Garnering comparisons to Kristin Cashore and Tamora Pierce as well as rave reviews throughout the blogosphere, I was very excited to dive into this book as I hoped for a fast read in an atmospheric world with an outstanding main character.
Unfortunately the beginning was very slow with a main character who is very convinced of her unremarkable personality and who left me convinced of same. Still she is a princess with a gem in her belly button, having been chosen for a mysterious duty, as have others in previous centuries according to an ancient prophecy. The jewel marks her as the hope for many but also puts her in danger as she learns when she embarks on a new life, secretly married to a king of a neighboring country.
When Elisa arrives, she is comfortably ensconced but unfulfilled as some scheme against her, openly and secretly. After a frightening event, she is pushed far beyond her limits and begins to dig deep into her inner resources to discover great strength and to save her people.
Actually once that event occurred, the book became a lot more interesting to me because that's when Elisa finally starts doing stuff. I understand the need for setup and how those earlier scenes paid off later in the book. But Elisa was so passive and boring at the beginning. I guess it's hard for me to care when a character is so convinced of her worthlessness; I tend to start to agree. But thankfully she does start to kick butt, using her physical abilities, her brain, and her kind heart to help.
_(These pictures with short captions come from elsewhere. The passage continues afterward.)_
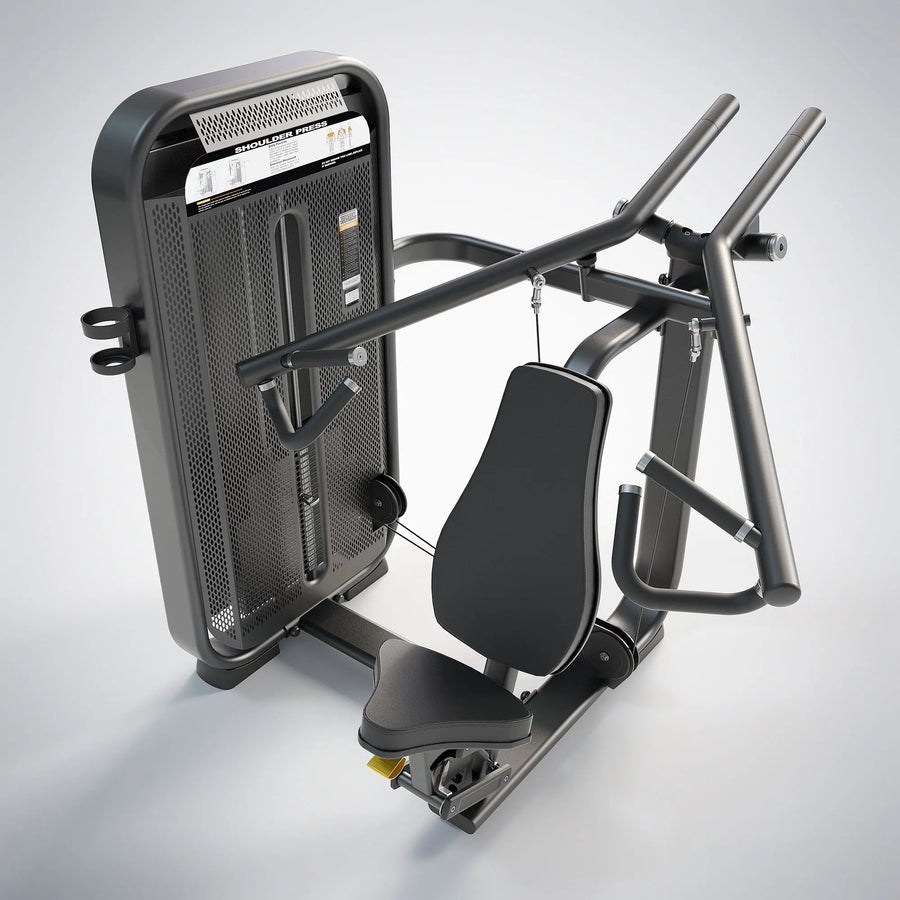 Press de Hombros Fusion Pro en Bolivia - detalle de asiento y brazos - Chelo Sports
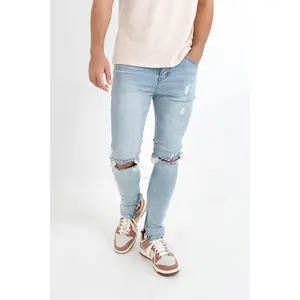 Jeans com buracos e faixa branca Sixth June image-1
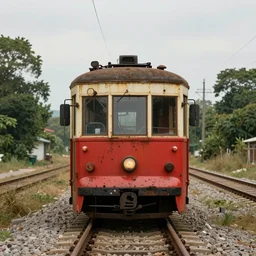 movie frame still of old and rusty red tram smeared with oil standing on rails, a beautiful view nature, 8 k, highly detailed, zenith view, ultra wide angle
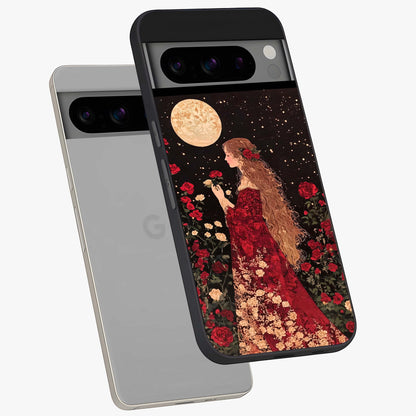 Crimson Dreams Glass Case displayed in angled mockup highlighting soft crimson aesthetic design with artistic theme.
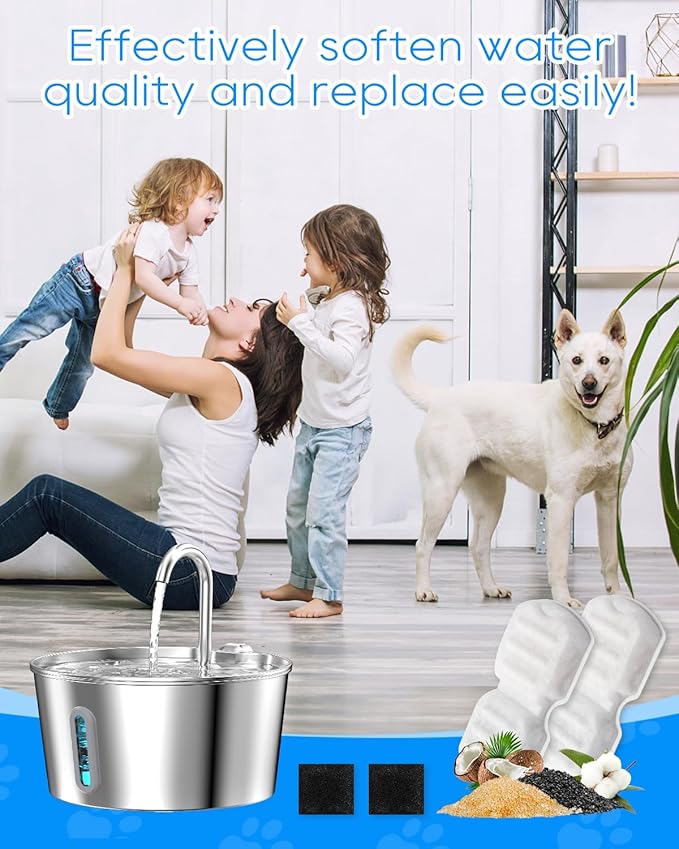 MyfatBOSS Cat Water Fountain Filters Compatible with 74oz/2.2L Compatible with 87oz/2.6L Stainless Steel Cat Water Fountains, 6 Carbon Filters + 6 Ultra-fine Fiber for Clean & Fresh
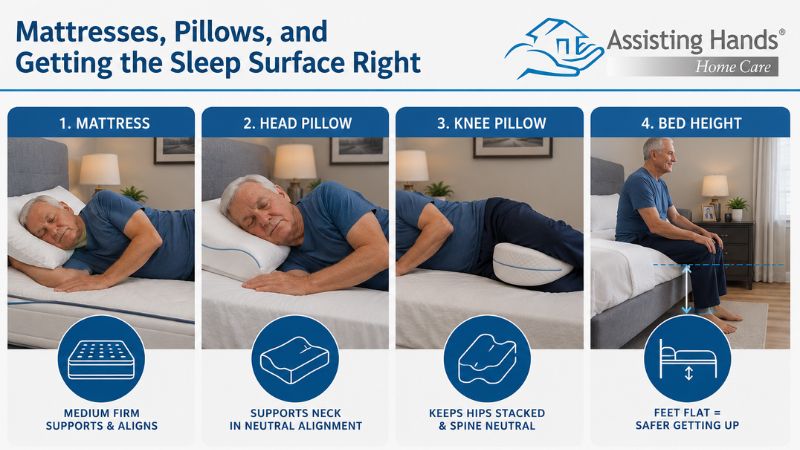 Infographic showing four sleep surface tips for seniors, including a medium-firm mattress, supportive head pillow, firm knee pillow, and safe bed height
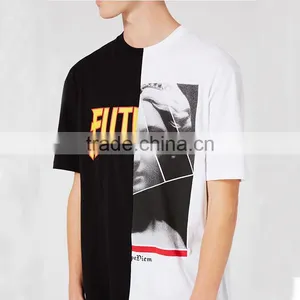 Wholesale Men's Splicing T-shirt Digital Printing T-shirt for Men Custom Clotning thumbnail-3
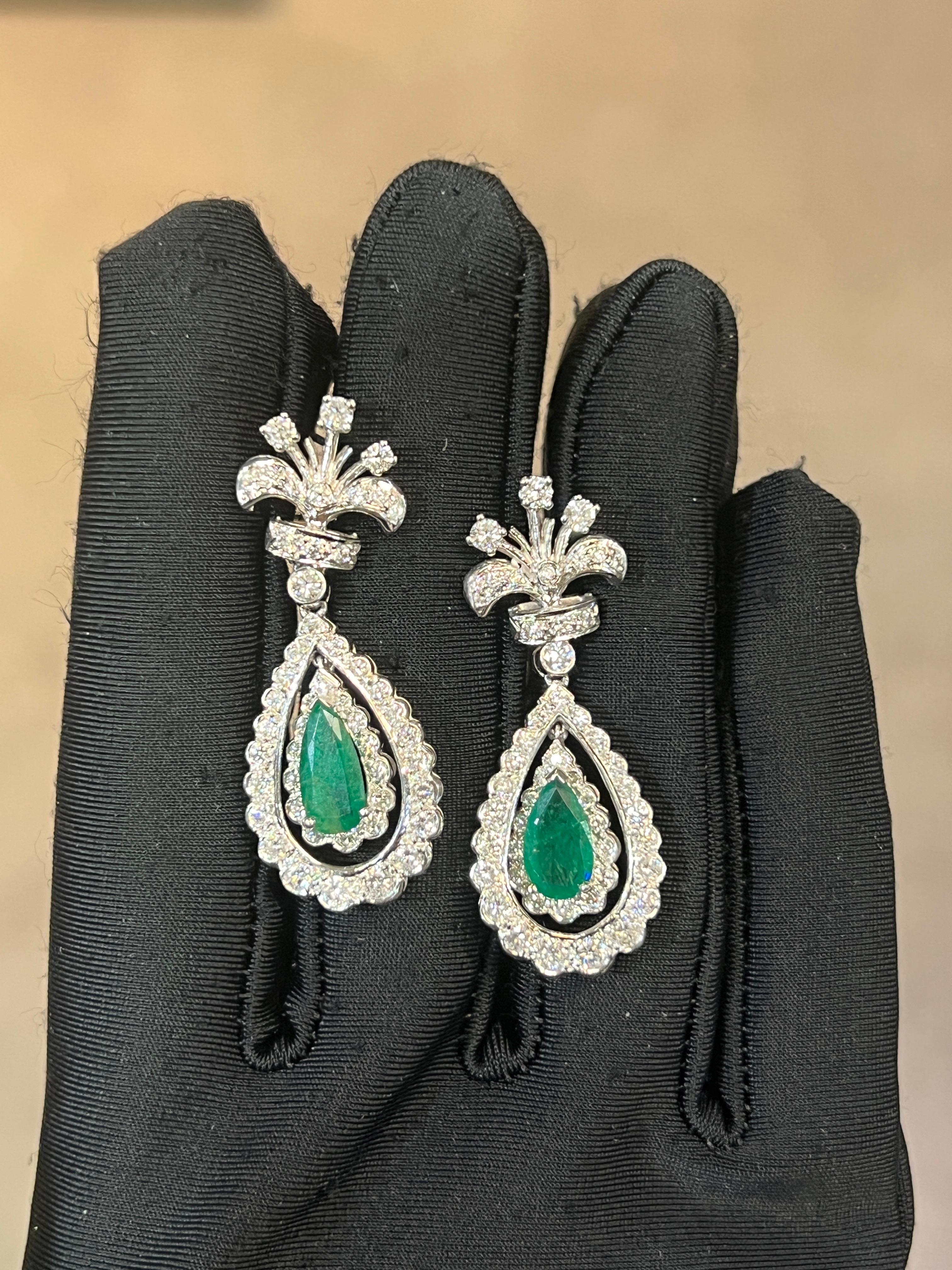 Mixed Cut Emerald and Diamond Earrings For Sale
At the beginning the other characters interested me more but as Elisa, rightfully, overshadowed them, I didn't become any less interested in them. I became invested in most of them, shocked at some of their actions, and grieved by some of their goodbyes.
The other really fascinating element of this book is the focus on religion. Elisa comes from a very conservative, rigid variation while she marries a king whose country is a bit more liberal in their interpretations of texts for the same religion. Then there are their opponents who are considered barbaric but also seem to worship in a similar fashion. I loved the incorporation of religion and the importance of faith for Elisa and the other characters. I am also fascinated by interpretations and translations of the Bible so seeing some of the characters here engage in the same work with their sacred texts was delightful and really helped distinguish this book from some other fantasy.
Overall: A slow beginning that does pay off with lovely prose and exciting action. Not a cliffhanger but still leaves you eager for further adventures.